1. 南と北は非武装地帯をはじめとする対峙地域での軍事的な敵対関係終息を、朝鮮半島の全地域での実質的な戦争の危険の除去と根本的な敵対関係の解消につなげていくことにした。
(1)南と北は、今回の平壌首脳会談を契機に締結した「板門店宣言軍事分野履行合意書」を平壌共同宣言の付属合意書として採択し、これを徹底して遵守し誠実に履行し、朝鮮半島を恒久的な平和地帯として作り上げるための実践的な措置を積極的に採っていくことにした。
(2)南と北は南北軍事共同委員会を早くに稼働させ、軍事分野の合意書の履行実態を点検し、偶発的な武力衝突防止のための常時的な対策を講究していくことにした。
2. 南と北は相互互恵と共利共栄の土台の上に、交流と協力をより増大させ、民族経済を均衡的に発展させるための実質的な対策を講究していくことにした。
(1)南と北は年内に、東・西海線の鉄道および道路連結のための着工式を持つことにした。
(2)南と北は条件が整い次第、開城工業団地と金剛山観光事業を優先して正常化させ、西海経済共同特区および東海観光共同特区を造成する問題を協議していくことにした。
(3)南と北は自然生態系の保護および復元のための南北環境協力を積極的に推進することにし、優先的に現在進行中の山林分野協力の実践的な成果のために努力することにした。
(4)南と北は伝染性疾病の流入および拡散防止のための緊急措置をはじめとする、防疫および保健・医療分野の協力を強化することにした。
3. 南と北は離散家族問題を根本的に解決するために人道的な協力をより強化していくことにした。
(1)南と北は金剛山地域の離散家族常設面会所を早い日時の内に開所することにし、このために面会所施設を早くに復旧することにした。
(2)南と北は赤十字会談を通じ、離散家族の画像(オンライン)再会と映像手紙を交換する問題を優先的に解決していくことにした。

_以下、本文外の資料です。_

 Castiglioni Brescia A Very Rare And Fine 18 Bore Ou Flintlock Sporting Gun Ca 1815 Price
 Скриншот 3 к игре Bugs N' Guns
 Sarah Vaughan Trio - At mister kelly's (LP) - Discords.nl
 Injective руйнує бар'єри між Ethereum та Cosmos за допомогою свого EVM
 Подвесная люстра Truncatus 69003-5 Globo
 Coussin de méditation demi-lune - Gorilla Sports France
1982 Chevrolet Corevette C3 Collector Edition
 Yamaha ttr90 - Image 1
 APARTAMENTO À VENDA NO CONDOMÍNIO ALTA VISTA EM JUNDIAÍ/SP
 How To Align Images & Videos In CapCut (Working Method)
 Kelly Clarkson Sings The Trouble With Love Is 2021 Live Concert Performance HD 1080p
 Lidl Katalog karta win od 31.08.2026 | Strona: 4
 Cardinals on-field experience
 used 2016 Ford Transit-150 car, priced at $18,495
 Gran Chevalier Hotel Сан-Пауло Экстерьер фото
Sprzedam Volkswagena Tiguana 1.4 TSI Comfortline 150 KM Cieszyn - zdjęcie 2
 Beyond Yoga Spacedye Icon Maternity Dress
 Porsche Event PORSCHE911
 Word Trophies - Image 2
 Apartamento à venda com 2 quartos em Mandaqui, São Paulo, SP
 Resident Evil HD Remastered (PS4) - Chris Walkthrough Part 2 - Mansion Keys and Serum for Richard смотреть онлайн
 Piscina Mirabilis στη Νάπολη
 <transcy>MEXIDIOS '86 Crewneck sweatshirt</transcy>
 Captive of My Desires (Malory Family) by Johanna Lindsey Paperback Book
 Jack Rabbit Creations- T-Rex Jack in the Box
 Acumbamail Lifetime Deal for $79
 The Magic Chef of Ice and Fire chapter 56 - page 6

4. 南と北は和解と団合の雰囲気を高め、わが民族の気概を内外に誇示するために多様な分野の協力と交流を積極的に推進していくことにした。
(1)南と北は文化および芸術分野の交流をより増進させていくことにし、優先的に10月中に平壌芸術団のソウル公演を進めることにした。
(2)南と北は2020年夏季オリンピック大会をはじめとする国際競技に共同で積極的に進出し、2032年夏季オリンピックの南北共同開催を誘致するため協力することにした。
(3)南と北は「10.4宣言」11周年を意味深く記念するための行事を意義を持って開催し、「3.1運動」100周年を南北が共同で記念することにし、このための実務的な方案を協議していくことにした。
5. 南と北は朝鮮半島を核武器と核脅威のない平和の基盤として作り上げなければならず、このために必要な実質的な進展を早くに成し遂げなければならないという認識を共にした。
(1)北側は東倉里エンジン試験場とミサイル発射台を関係国専門家たちの参観の下、優先して永久的に廃棄することにした。
(2)北側は米国が「6.12米朝共同声明」の精神に従い相応措置を採る場合、寧辺核施設の永久的な廃棄のような追加措置を続けて行う用意があることを表明した。
(3)南と北は朝鮮半島の完全な非核化を推進していく過程で、共に緊密に協力していくことにした。
6. 金正恩国務委員長は文在寅大統領の招請により、近い日時にソウルを訪問することにした。